**REQUIRED WORK**. After finding the line containing "Street view near" below, please output that line and each following one through the line containing "High Seas II", exactly as written.

Records from a data collection
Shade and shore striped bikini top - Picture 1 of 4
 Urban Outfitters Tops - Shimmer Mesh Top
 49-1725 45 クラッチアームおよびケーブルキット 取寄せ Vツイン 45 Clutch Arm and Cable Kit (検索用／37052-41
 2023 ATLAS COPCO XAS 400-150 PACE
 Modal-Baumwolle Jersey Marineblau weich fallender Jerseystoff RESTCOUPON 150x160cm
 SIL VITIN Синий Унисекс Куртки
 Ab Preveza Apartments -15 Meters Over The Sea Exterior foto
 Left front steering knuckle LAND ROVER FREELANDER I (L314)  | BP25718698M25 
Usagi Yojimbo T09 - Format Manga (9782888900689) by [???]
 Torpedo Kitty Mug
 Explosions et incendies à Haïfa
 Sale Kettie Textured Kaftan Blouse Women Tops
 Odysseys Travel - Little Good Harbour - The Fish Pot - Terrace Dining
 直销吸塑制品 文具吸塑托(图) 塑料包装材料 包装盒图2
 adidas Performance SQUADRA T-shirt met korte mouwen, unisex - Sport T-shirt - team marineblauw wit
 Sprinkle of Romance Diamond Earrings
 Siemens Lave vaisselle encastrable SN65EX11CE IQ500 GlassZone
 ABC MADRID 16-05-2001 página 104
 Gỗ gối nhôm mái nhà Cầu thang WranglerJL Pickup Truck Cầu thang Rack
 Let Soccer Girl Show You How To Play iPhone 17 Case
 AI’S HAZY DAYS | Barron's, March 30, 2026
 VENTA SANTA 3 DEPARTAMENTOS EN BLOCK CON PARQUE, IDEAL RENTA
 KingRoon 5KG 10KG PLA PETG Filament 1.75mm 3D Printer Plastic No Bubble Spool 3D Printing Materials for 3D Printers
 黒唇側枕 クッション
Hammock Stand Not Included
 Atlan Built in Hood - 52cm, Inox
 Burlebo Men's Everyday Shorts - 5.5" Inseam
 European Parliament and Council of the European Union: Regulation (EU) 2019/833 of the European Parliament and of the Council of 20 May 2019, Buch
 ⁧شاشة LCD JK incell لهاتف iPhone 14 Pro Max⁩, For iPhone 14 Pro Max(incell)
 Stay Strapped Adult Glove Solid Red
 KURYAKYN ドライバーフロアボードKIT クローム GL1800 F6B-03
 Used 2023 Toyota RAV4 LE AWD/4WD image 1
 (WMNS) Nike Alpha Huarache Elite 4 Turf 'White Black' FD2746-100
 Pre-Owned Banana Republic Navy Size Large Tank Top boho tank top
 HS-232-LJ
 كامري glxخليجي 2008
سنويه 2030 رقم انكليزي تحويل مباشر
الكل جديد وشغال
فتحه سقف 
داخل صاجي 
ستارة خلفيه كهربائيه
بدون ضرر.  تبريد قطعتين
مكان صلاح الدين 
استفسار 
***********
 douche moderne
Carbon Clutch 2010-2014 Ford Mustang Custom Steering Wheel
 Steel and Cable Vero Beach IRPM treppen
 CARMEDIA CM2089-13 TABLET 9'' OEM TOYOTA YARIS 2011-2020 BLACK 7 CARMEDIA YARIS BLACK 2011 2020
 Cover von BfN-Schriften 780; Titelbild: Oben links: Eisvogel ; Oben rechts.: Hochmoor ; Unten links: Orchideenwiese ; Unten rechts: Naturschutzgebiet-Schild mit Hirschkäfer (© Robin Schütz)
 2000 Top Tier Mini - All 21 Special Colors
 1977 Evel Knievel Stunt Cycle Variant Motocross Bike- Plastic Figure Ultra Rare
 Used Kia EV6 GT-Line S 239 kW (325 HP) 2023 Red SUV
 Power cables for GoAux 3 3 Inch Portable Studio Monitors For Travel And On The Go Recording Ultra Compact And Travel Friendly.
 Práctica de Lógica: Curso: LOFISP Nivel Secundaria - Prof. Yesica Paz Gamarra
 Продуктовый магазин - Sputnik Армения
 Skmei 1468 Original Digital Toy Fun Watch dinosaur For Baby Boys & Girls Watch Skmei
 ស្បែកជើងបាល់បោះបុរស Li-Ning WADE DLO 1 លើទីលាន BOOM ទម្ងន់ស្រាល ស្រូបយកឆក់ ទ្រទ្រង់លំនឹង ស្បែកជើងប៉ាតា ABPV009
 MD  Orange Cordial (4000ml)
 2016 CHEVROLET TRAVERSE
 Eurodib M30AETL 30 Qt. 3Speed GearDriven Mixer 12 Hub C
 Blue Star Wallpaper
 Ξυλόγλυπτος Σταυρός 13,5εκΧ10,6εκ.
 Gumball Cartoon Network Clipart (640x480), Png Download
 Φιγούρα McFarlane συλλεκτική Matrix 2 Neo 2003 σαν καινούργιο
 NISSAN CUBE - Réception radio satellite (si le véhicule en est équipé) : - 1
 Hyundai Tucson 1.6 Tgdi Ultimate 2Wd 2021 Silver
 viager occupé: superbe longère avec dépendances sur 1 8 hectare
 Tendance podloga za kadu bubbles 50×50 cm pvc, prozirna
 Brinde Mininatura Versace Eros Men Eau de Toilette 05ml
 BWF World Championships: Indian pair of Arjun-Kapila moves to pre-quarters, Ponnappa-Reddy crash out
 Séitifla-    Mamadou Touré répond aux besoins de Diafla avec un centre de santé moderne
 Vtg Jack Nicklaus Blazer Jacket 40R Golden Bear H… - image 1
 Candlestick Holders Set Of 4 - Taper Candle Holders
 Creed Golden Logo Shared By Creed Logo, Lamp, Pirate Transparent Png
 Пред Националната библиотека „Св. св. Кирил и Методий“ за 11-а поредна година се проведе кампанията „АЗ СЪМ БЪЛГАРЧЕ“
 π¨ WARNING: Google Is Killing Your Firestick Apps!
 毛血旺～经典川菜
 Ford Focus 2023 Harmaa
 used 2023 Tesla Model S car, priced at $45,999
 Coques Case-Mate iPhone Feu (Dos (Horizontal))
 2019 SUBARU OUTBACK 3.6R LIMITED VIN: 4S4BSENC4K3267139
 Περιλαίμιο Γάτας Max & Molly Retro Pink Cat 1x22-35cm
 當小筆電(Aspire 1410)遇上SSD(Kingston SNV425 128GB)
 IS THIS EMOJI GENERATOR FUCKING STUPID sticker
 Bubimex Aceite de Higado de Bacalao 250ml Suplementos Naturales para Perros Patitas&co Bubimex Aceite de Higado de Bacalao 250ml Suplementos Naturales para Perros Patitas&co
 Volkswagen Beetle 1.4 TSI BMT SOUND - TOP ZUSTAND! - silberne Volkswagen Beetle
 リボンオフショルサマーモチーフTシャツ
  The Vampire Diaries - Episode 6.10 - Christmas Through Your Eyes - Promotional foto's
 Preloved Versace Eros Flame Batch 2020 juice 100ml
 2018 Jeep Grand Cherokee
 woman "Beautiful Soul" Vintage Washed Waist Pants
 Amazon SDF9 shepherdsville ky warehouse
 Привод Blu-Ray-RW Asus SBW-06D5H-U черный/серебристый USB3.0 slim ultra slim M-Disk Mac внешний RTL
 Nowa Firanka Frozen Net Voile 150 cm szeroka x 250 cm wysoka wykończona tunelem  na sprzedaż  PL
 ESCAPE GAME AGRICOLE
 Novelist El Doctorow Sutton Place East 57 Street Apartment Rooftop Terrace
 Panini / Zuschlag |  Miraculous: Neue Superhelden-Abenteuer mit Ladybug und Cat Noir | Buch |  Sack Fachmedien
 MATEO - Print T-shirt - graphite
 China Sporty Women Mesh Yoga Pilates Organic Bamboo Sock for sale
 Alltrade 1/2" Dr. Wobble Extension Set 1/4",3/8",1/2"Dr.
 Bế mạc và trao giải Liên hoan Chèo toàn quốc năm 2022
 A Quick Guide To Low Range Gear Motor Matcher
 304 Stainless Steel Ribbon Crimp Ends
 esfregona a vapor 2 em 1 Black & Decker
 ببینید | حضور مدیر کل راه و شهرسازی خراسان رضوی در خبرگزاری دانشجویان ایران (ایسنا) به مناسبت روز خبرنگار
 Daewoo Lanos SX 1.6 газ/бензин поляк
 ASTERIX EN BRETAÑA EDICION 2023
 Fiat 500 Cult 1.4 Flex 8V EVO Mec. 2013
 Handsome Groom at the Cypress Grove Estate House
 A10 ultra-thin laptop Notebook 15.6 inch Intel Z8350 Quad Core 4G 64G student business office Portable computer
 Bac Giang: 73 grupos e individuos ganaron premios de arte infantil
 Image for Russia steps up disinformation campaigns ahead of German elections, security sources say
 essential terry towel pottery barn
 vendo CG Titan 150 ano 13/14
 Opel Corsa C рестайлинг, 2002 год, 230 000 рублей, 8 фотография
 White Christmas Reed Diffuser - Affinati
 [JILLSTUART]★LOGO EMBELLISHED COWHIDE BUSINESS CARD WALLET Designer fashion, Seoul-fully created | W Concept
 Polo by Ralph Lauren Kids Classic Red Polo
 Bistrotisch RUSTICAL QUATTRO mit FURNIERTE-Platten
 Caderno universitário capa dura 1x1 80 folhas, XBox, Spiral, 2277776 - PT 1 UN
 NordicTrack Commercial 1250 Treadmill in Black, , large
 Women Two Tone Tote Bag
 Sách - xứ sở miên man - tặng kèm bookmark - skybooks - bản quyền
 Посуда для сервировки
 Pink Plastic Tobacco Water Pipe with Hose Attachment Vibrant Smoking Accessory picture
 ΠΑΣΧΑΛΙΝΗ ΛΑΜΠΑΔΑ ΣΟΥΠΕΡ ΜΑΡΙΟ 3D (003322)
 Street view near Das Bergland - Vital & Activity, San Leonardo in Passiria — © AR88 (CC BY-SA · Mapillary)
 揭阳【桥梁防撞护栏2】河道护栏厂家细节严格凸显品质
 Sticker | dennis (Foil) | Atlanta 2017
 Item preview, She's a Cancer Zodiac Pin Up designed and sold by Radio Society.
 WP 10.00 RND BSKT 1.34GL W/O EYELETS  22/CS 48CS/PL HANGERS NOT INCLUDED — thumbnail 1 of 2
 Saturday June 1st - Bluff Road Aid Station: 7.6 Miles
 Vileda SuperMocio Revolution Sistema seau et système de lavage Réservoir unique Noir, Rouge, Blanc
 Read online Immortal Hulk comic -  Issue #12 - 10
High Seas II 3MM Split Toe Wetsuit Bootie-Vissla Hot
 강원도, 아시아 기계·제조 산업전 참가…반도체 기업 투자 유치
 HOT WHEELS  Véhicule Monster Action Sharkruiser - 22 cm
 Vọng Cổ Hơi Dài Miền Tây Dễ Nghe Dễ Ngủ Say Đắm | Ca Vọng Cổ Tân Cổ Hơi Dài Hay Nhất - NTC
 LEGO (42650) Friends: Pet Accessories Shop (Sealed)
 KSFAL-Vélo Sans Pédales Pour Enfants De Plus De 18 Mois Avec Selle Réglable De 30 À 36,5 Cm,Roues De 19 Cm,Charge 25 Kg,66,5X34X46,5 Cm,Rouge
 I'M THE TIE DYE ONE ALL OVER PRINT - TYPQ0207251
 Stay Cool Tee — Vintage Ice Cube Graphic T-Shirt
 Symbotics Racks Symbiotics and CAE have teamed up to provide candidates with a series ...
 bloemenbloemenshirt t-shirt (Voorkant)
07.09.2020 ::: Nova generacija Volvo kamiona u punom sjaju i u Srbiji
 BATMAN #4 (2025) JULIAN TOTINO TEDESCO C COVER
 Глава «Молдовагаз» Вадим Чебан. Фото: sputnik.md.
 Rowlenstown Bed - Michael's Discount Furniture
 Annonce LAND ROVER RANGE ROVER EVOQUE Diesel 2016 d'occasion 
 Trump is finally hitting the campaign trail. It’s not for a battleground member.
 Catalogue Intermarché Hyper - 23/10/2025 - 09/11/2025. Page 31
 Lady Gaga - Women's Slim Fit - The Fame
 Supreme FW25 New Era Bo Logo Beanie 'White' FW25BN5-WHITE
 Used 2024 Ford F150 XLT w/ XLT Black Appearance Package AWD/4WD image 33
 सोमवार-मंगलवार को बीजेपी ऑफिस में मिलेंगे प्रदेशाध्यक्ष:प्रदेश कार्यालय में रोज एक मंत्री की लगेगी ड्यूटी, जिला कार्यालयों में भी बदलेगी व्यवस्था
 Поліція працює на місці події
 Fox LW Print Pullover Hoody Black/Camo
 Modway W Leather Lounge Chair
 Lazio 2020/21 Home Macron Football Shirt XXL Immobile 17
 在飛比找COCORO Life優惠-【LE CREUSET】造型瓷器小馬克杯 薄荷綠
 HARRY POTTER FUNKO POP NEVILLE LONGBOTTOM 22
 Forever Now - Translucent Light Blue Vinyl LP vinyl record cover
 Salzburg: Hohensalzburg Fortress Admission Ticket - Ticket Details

**ANSWER SPACE**.
 Street view near Das Bergland - Vital & Activity, San Leonardo in Passiria — © AR88 (CC BY-SA · Mapillary)
 揭阳【桥梁防撞护栏2】河道护栏厂家细节严格凸显品质
 Sticker | dennis (Foil) | Atlanta 2017
 Item preview, She's a Cancer Zodiac Pin Up designed and sold by Radio Society.
 WP 10.00 RND BSKT 1.34GL W/O EYELETS  22/CS 48CS/PL HANGERS NOT INCLUDED — thumbnail 1 of 2
 Saturday June 1st - Bluff Road Aid Station: 7.6 Miles
 Vileda SuperMocio Revolution Sistema seau et système de lavage Réservoir unique Noir, Rouge, Blanc
 Read online Immortal Hulk comic -  Issue #12 - 10
High Seas II 3MM Split Toe Wetsuit Bootie-Vissla Hot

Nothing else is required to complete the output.